The great science-fiction author Ray Bradbury appears on TCM tonight as the monthly Guest Programmer, selecting four of his favorite movies and discussing with Robert Osborne why he considers them among his favorites. For the record, Bradbury's selections are:

The Phantom of the Opera, at 8:00 PM;
The Lon Chaney version of The Hunchback of Notre Dame, at 9:45 PM;
Alfred Hitchcock's Rebecca, at 11:45 PM; and
Citizen Kane, at 2:00 AM ET overnight.

However, I'd like to mention a different movie; the film adaptation of Bradbury's novel Fahrenheit 451. The story, of course, is well-known; an oppressive society of the future has banned books, with "firemen" burning any books discovered. Oskar Werner plays one such fireman, dutifully burning books until he meets a book owner with whom he falls in love (Julie Christie).

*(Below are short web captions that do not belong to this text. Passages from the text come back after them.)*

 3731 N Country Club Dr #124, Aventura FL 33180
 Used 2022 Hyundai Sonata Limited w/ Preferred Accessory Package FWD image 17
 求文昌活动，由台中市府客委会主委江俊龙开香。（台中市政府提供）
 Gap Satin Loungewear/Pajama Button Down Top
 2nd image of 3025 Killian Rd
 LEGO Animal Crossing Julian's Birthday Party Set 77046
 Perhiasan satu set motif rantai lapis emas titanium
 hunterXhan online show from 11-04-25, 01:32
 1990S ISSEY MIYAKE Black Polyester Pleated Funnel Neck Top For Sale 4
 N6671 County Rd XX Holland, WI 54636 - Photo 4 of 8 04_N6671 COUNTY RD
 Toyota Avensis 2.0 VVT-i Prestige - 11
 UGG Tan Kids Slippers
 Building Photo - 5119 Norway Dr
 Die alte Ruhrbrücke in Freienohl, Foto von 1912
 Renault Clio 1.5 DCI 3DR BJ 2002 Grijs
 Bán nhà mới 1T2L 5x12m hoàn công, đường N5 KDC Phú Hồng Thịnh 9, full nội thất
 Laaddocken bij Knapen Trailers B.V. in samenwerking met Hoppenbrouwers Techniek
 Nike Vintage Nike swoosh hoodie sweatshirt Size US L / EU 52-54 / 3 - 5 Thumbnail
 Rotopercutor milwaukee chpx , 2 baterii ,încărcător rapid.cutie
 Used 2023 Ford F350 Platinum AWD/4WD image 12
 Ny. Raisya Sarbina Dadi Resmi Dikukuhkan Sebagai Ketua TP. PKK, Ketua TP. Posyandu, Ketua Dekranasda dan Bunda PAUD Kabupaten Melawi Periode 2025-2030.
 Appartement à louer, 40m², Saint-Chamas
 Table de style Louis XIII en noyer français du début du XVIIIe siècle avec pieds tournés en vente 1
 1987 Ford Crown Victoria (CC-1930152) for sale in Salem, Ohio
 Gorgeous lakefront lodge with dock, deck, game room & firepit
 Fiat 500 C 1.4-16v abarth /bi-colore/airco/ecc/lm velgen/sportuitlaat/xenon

The thing I love about the movie is the 1960s style. Sure, the movie is set in the future, but as with all movies set in the future, they can't help but look like the time in which they were made. Things to watch out for in Fahrenheit 451 that came straight out of 1966 would include the hairstyles (obviously), the streetlights, the design of the fire trucks, and that god-awful monorail. If anything, however, the swinging 60s kitsch doesn't detract from this movie, instead giving it more of a timeless look. Fahrenheit 451 deals fairly directly with censorship, and depending on your political point of view, you can either think that the outgoing Bush administration was stifling dissent, of the incoming Obama administration will bring back the "fairness doctrine" and destroy talk radio.

The other interesting thing about the movie is that it was directed by François Truffaut, the only time Truffaut directed an English-language movie. It's available on DVD as well, since TCM aren't showing it any time soon.